Emma: let her experiment, encourage her to play (in the kitchen, with Lego, whatever catches her fancy) and take her to places where she can participate in live science activities (like the Cheltenham science festival – when she’s old enough). Also be positive about science and finding science role models for her.
Q: What questions can we ask ourselves every day to think about things scientifically, rather than fearfully? Because I think that will naturally play out with our children.
Emma: I would say read (watch, listen) to media critically. Interrogate the claims in reports and challenge them. Then do some online research to find answers if appropriate.
Q: When we’re inclined to react to a report in the news about nutrition, or about medicine, or about the presence of life on a planet, what should we be asking ourselves? Because I reckon if we get into the habit of doing that, it will probably naturally flow into the conversations we have with our kids.
Emma: Yes, reacting to news, I think it is being critical and not just taking it at face value. Challenge (to the best of our abilities) the statistics that are reported. Think about what the impact really means. There is a lot of hype in the media.
Q: If you could wave a magic wand and do anything in science communication (either research, or a science communication project), what would it be?
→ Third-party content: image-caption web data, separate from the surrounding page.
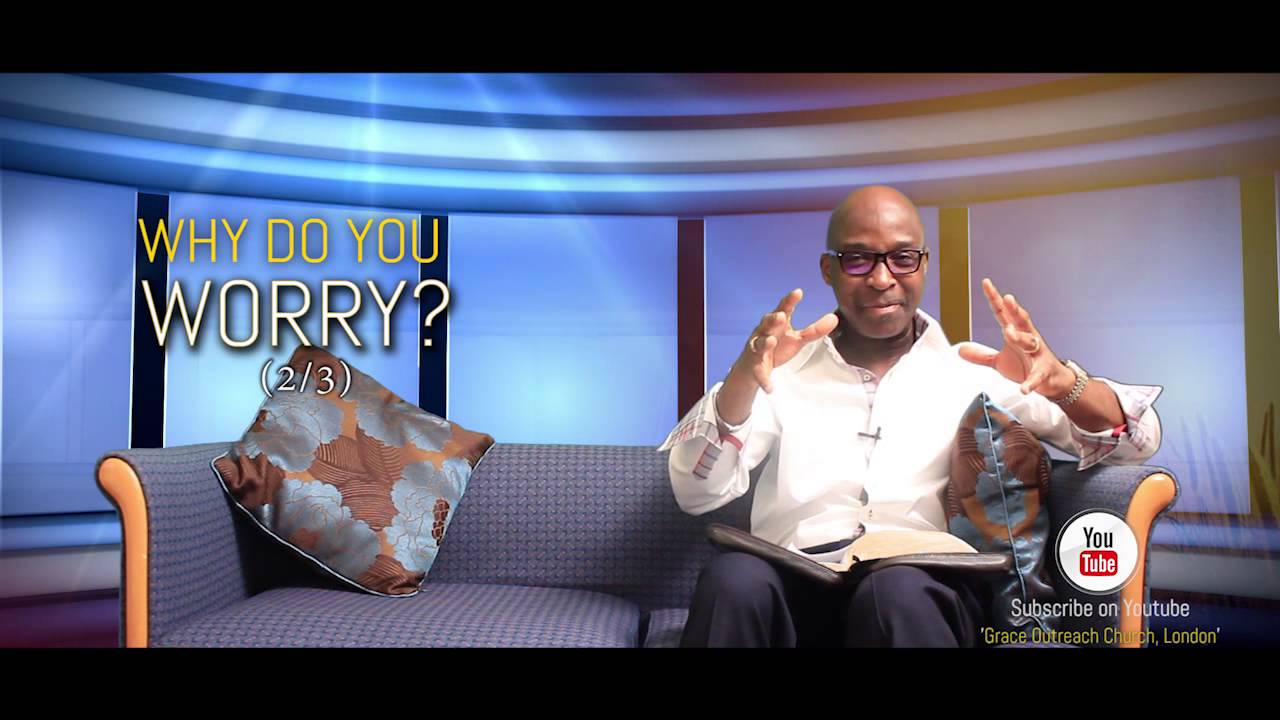 Why do you worry? Paul Fadeyi (Part 2 of 3) YouTube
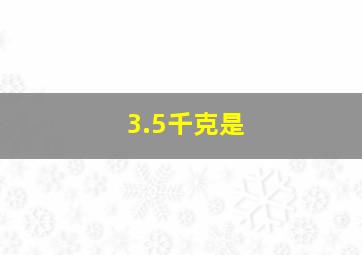 3.5千克是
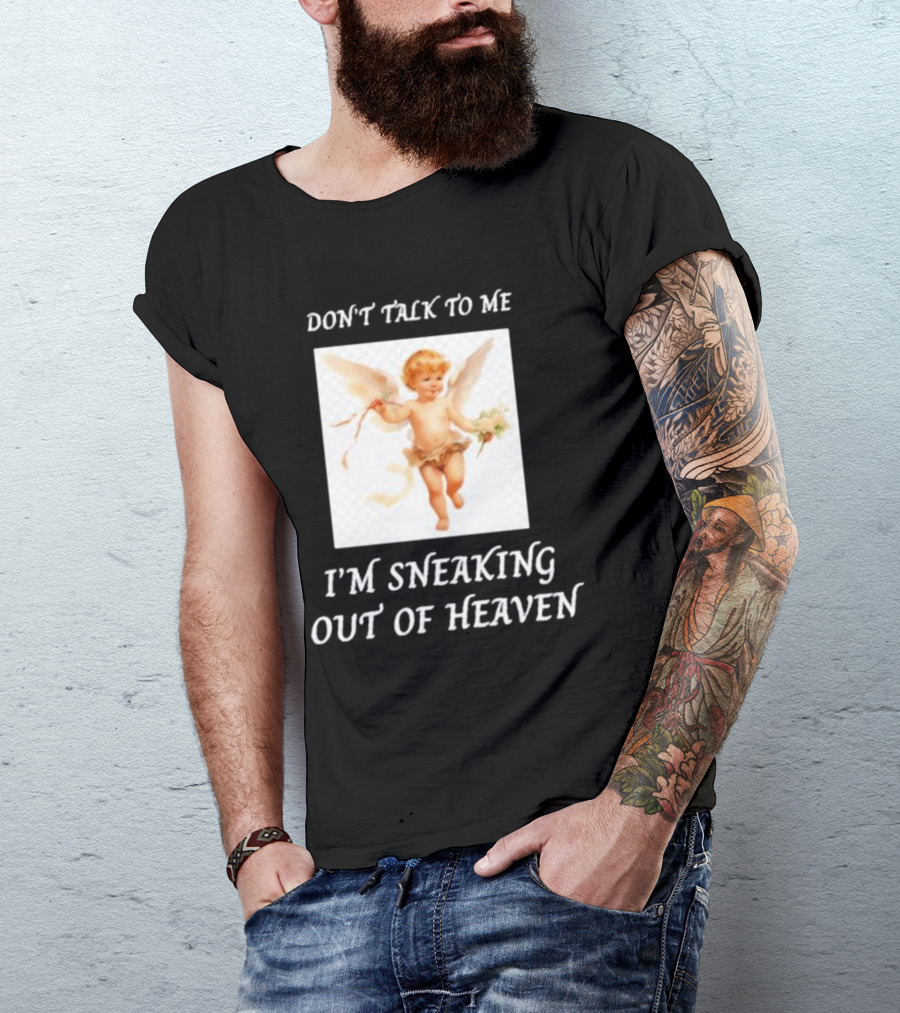 I'm Sneaking Out Of Heaven Don't Talk To Me Angel T-Shirt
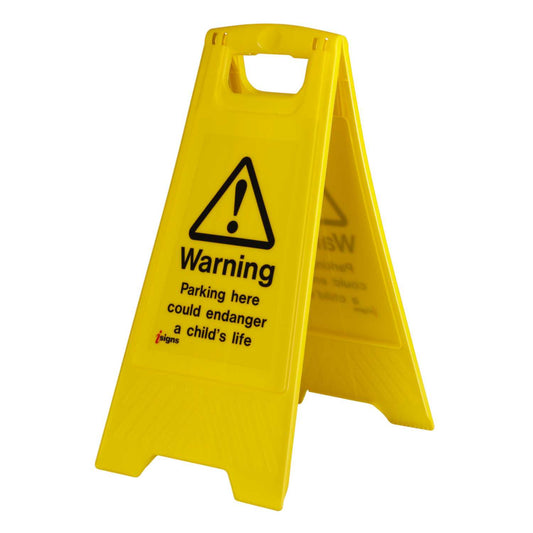 'Warning Parking Here Could Endanger a Child's Life' Free Standing Floor Sign
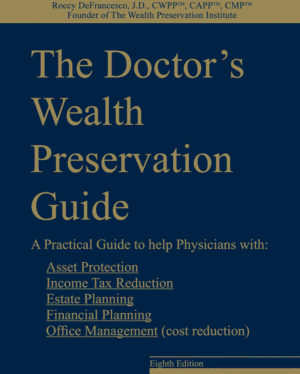 The Doctor's Wealth Preservation Guide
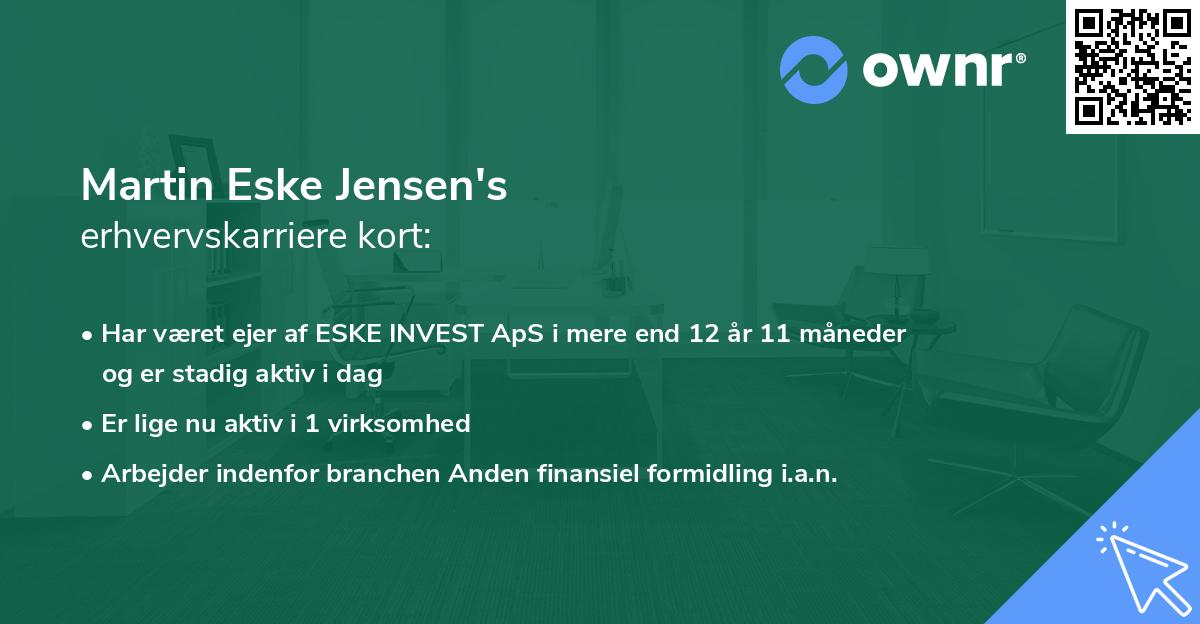 Martin Eske Jensen's erhvervskarriere kort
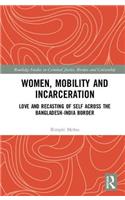 Women, Mobility and Incarceration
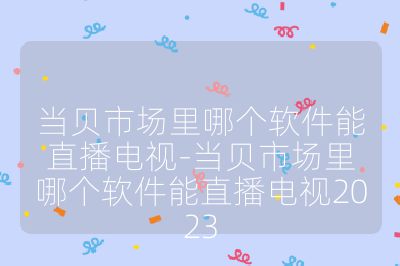 當(dāng)貝市場(chǎng)里哪個(gè)軟件能直播電視-當(dāng)貝市場(chǎng)里哪個(gè)軟件能直播電視2023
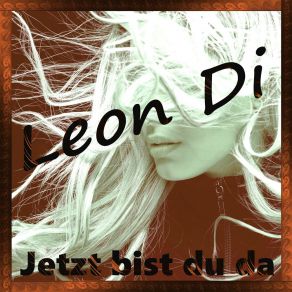 Download track Jetzt Bist Du Da (Radio) Leon Di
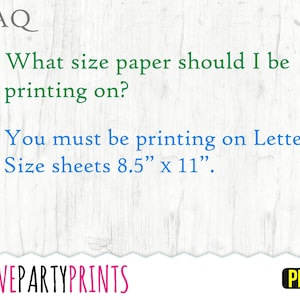 May include: FAQ: What size paper should I be printing on? Answer: You must be printing on Letter Size sheets 8.5" x 11".  LOVEPARTYPRINTS PDF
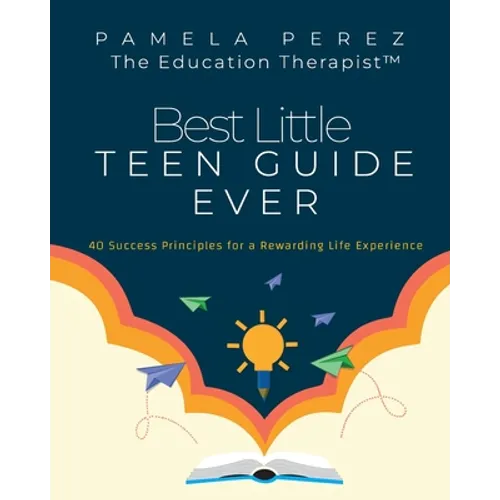 Best Little Teen Guide Ever!: 40 Success Principles for a Rewarding Life Experience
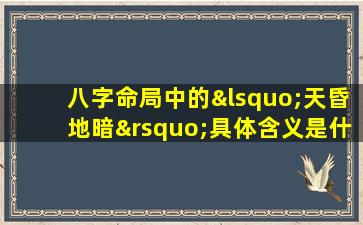 八字命局中的‘天昏地暗’具体含义是什么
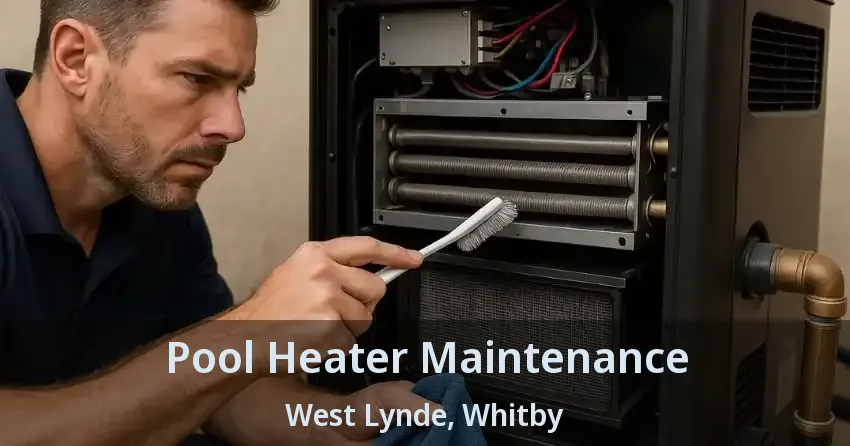 Pool Heater Maintenance West Lynde, Whitby - ON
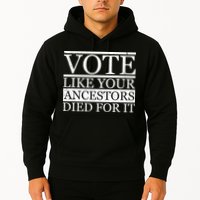 VOTE Like Your Ancestors Died For It Hoodie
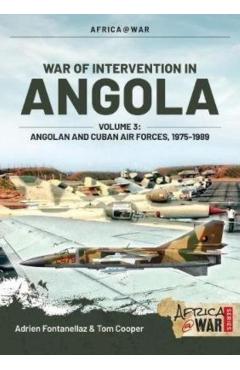 Poza produsului War of Intervention in Angola, Volume 3: Angolan and Cuban Air Forces, 1975-1989 - Adrien Fontanellaz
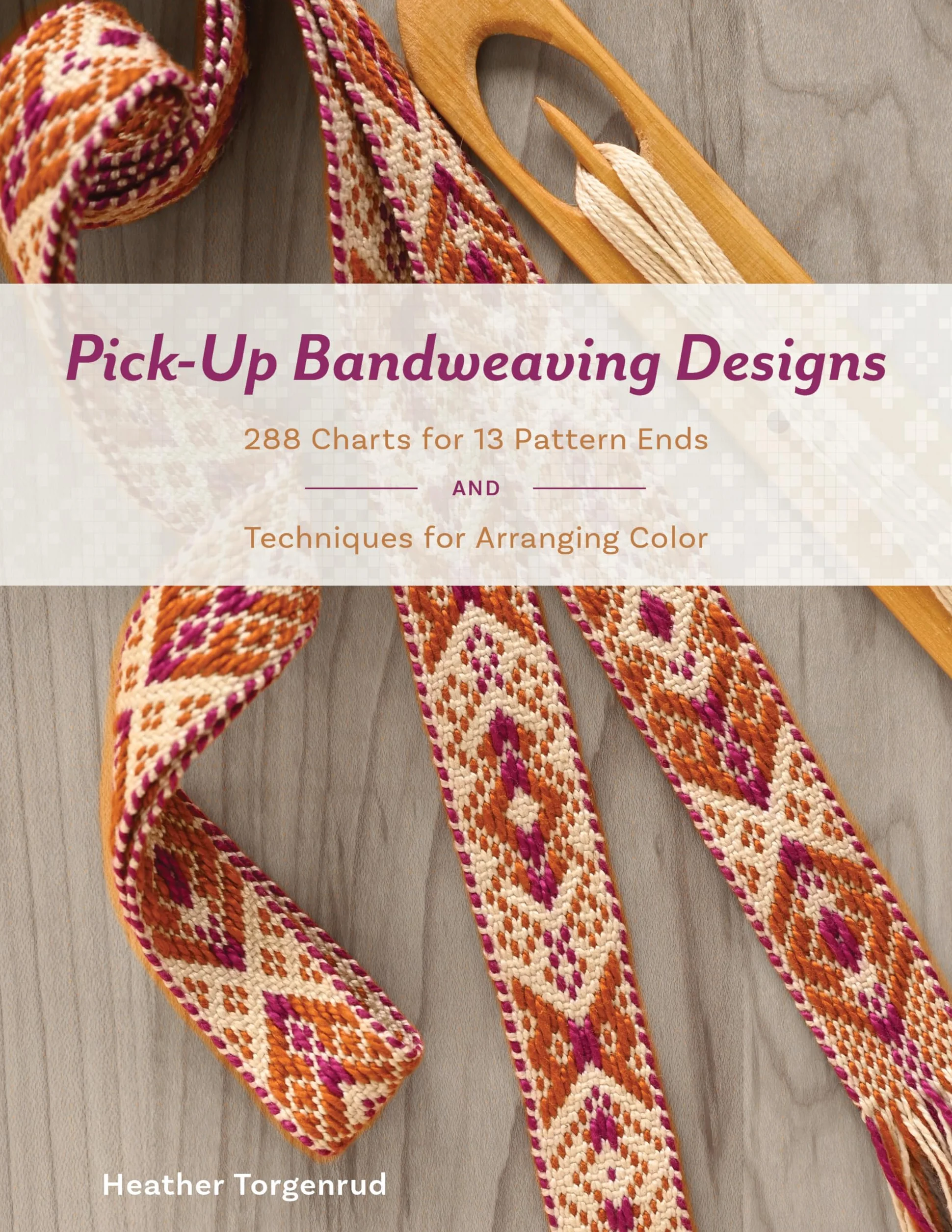 Pick-Up Bandweaving Designs: 288 Charts for 13 Pattern Ends and Techniques for Arranging Color
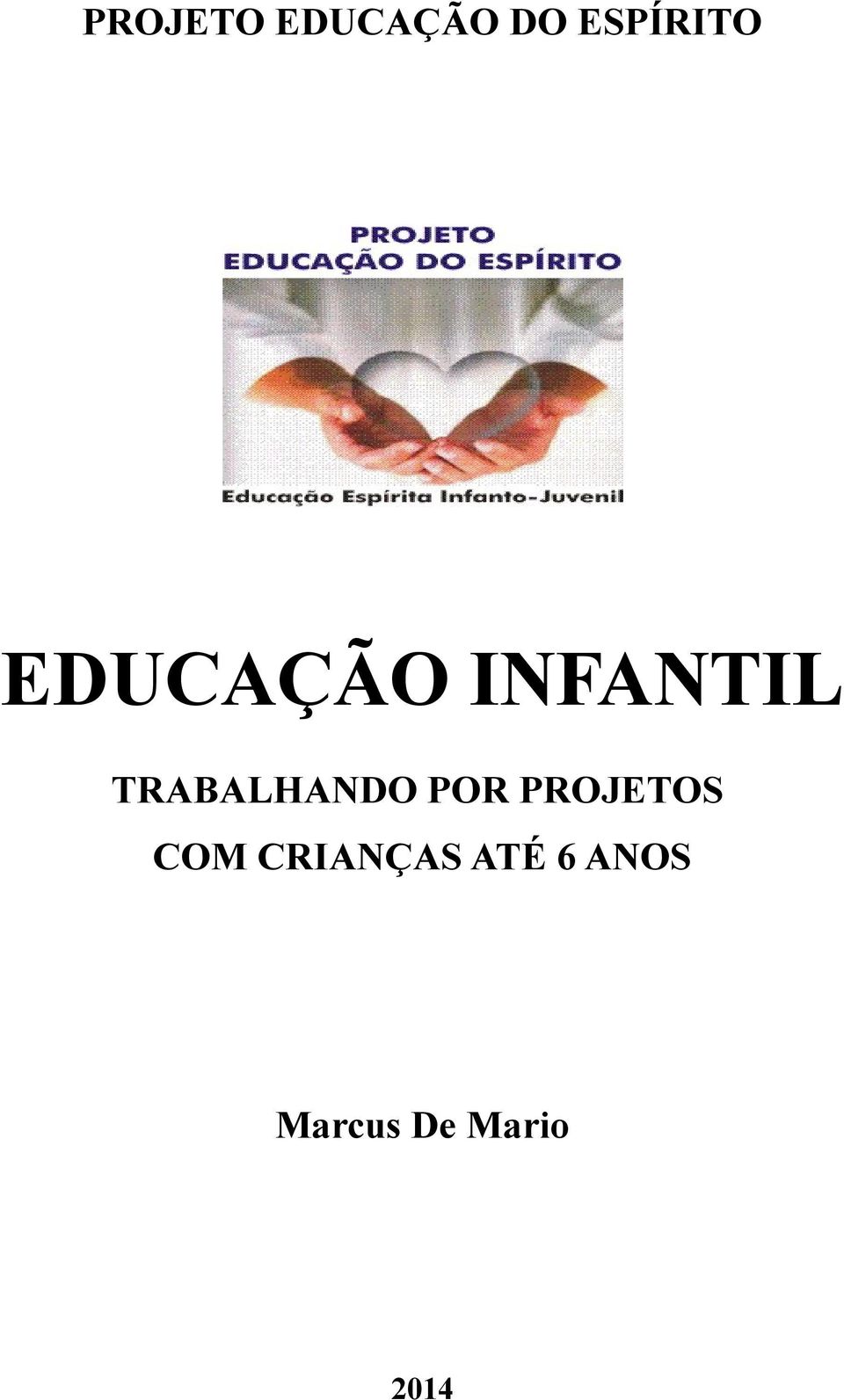 TRABALHANDO POR PROJETOS COM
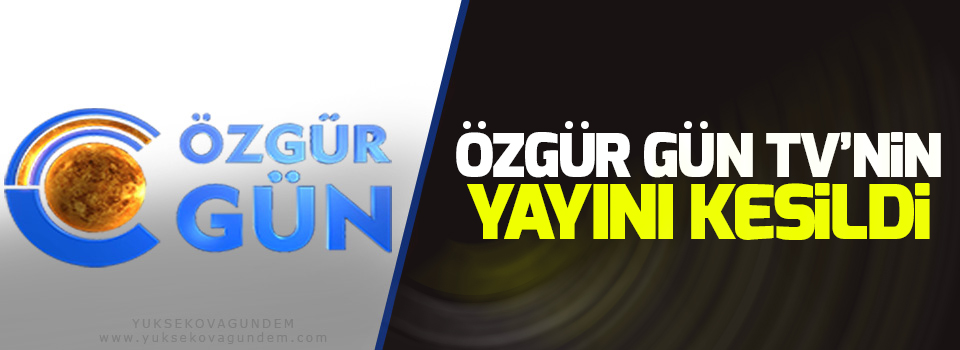 Özgür Gün TV’nin yayını kesildi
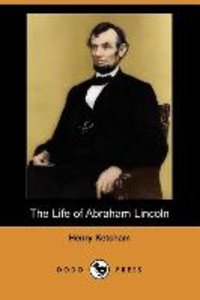 The Life of Abraham Lincoln (Dodo Press)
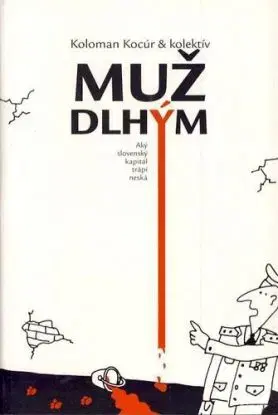 Muž dlhým - Koloman Kocúr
Emma: Argh. That’s tough. On the one hand, I would like to see science just a normal part of society (not special), you know like history. Something anyone can do and participate in. On the other, there are some really big research questions out there in terms of what influences people to engage with/participate in science and what sustains children’s interests. Probably, I’d have to go with the first though, as that would mean Science Communication had done its job (in my view) and put science firmly in the public sphere. I’m not sure I’ve got a magic wand to do that (teachers are also important here). All you can do is give them opportunities to engage with science and then to highlight (but not too obviously with teenagers) why science is important. They may still get discouraged though.
@Emma: Thank you so much for your time Emma, this has been really interesting.